▸ Task details
The answer consists of the lines from the line holding "9.950 € (Guter Preis)" through the last line of the entries, retyped exactly, and nothing else. No pictures belong in it.

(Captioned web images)
* * *

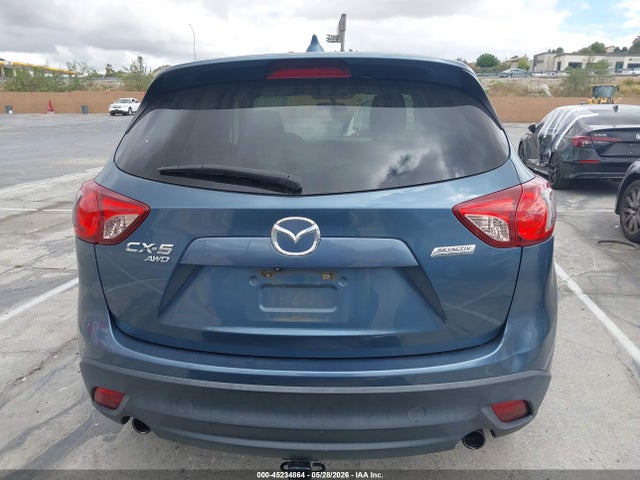JM3KE4CY1F0498437 Mazda Cx-5 Touring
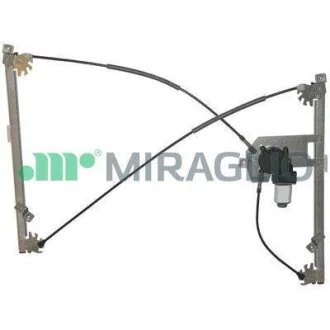 Склопідйомник MIRAGLIO 30/1715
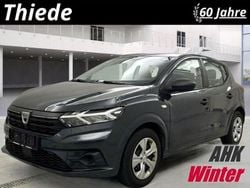 Grau "comete" Gebraucht 2021 Dacia Sandero Comfort Limousine | 9.950 € (Guter Preis)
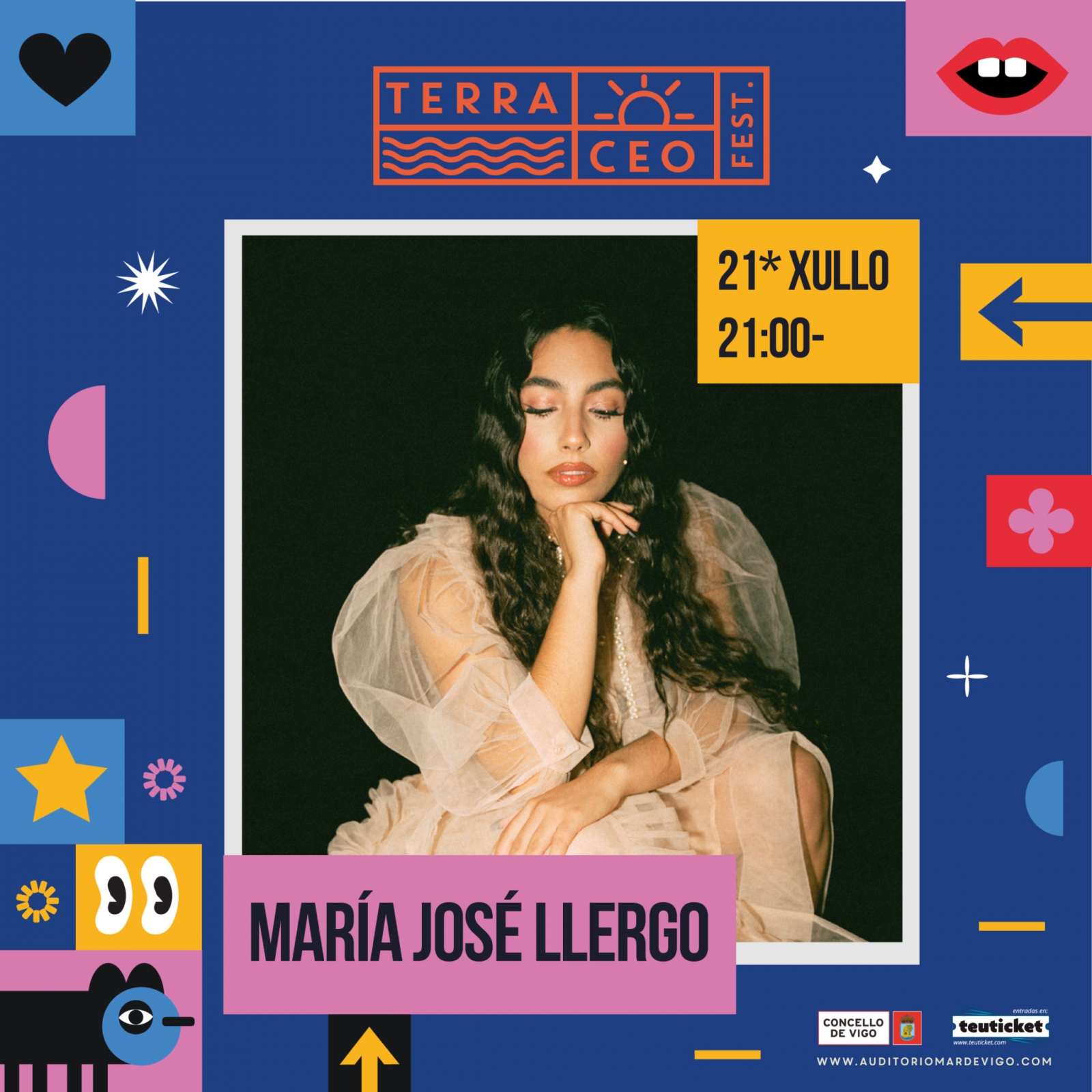 Terraceo Fest: María José Llergo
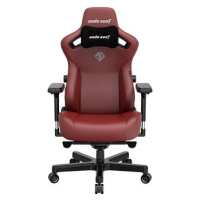 Anda Seat Kaiser Series 3 Premium Gaming Chair - XL Maroon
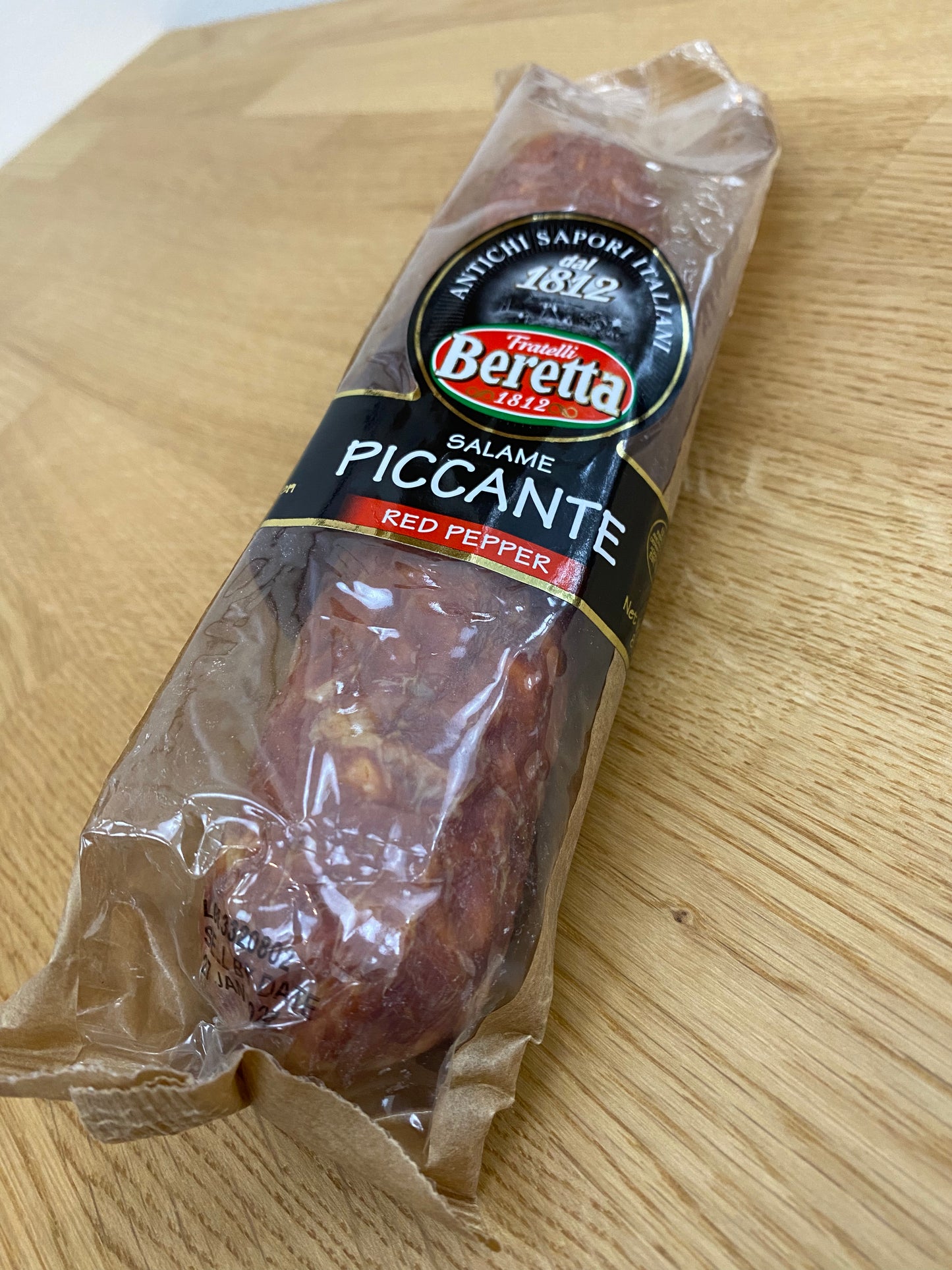 Beretta - Salame Piccante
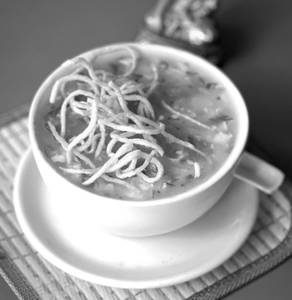 Veg Manchow Soup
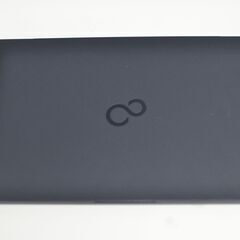 中古軽量ノートパソコン 富士通 UH90/E3 Windows11+office 爆速SSD512GB core i7-1165G7/メモリ8GB/無線/WEBカメラ/13.3インチの画像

* * *

▸ Task result
 Grau "comete" Gebraucht 2021 Dacia Sandero Comfort Limousine | 9.950 € (Guter Preis)
 Terraceo Fest: María José Llergo
 Anda Seat Kaiser Series 3 Premium Gaming Chair - XL Maroon
 Beretta - Salame Piccante
 Veg Manchow Soup
 中古軽量ノートパソコン 富士通 UH90/E3 Windows11+office 爆速SSD512GB core i7-1165G7/メモリ8GB/無線/WEBカメラ/13.3インチの画像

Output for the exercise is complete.